## Exercise goal
As the answer, return precisely the lines from the one containing "Occy Tombstone Pullover in Black" to the final line of the material below, inclusive, and omit every picture.

## Information supplied
# # # # #
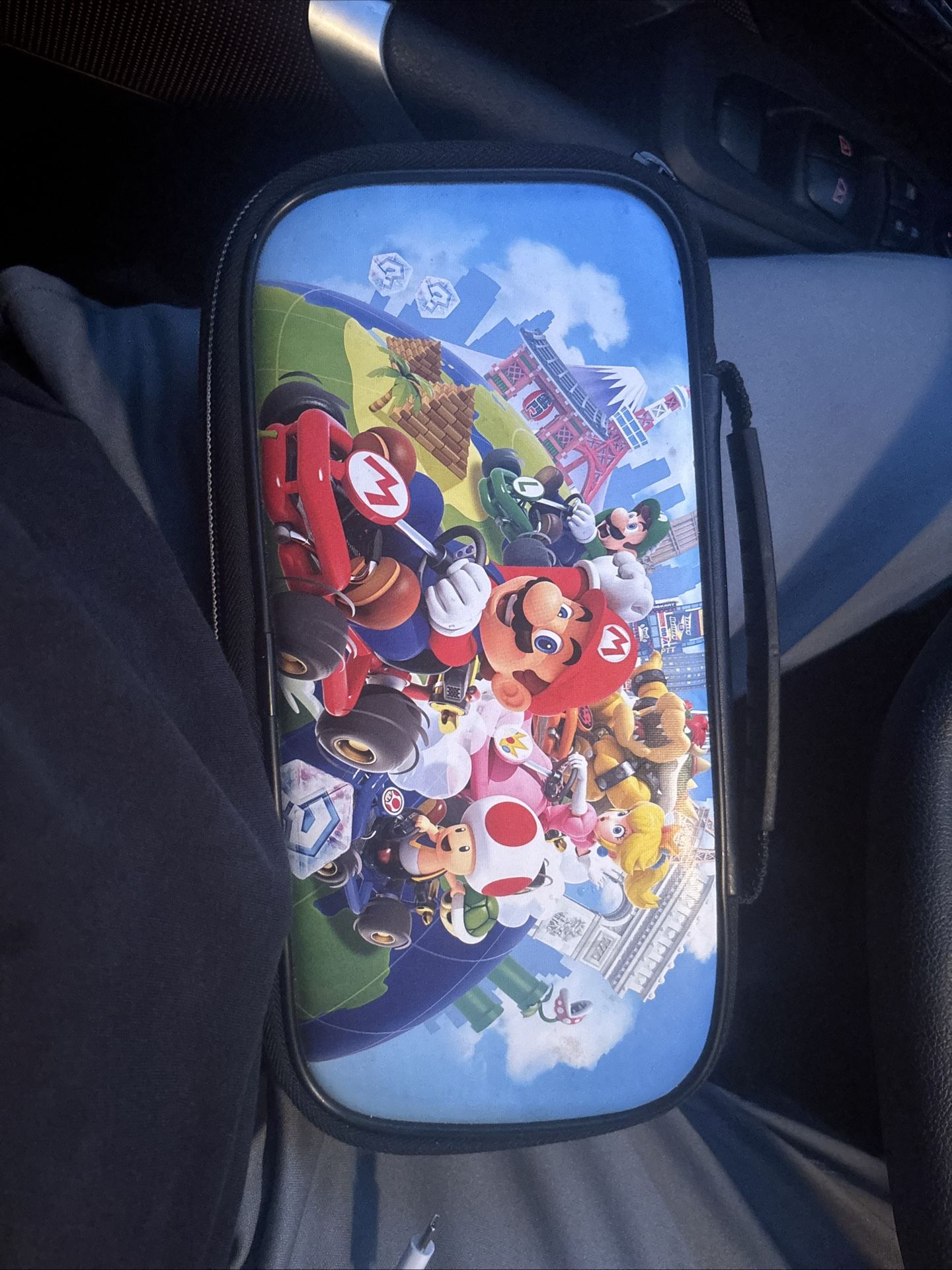 Super Mario Kart Nintendo Switch / Lite / Oled Case Travel Carrying Case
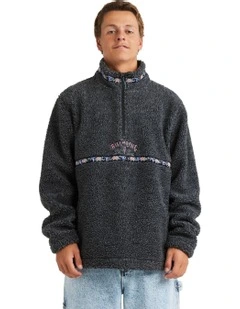 Occy Tombstone Pullover in Black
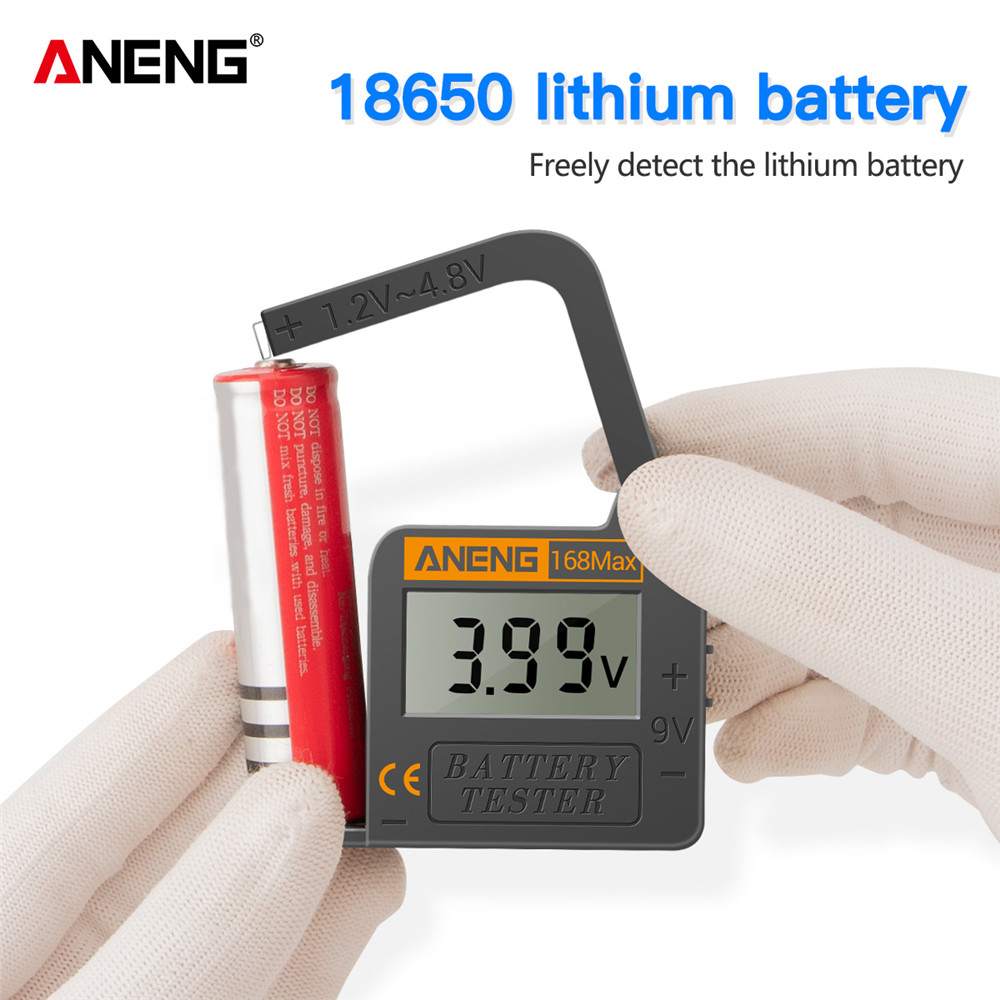 Renewable Energy Demonstration Kit - ANENG 168MAX Self Powered Digital LCD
# # # # #
## Answer to the exercise
 Occy Tombstone Pullover in Black
 Renewable Energy Demonstration Kit - ANENG 168MAX Self Powered Digital LCD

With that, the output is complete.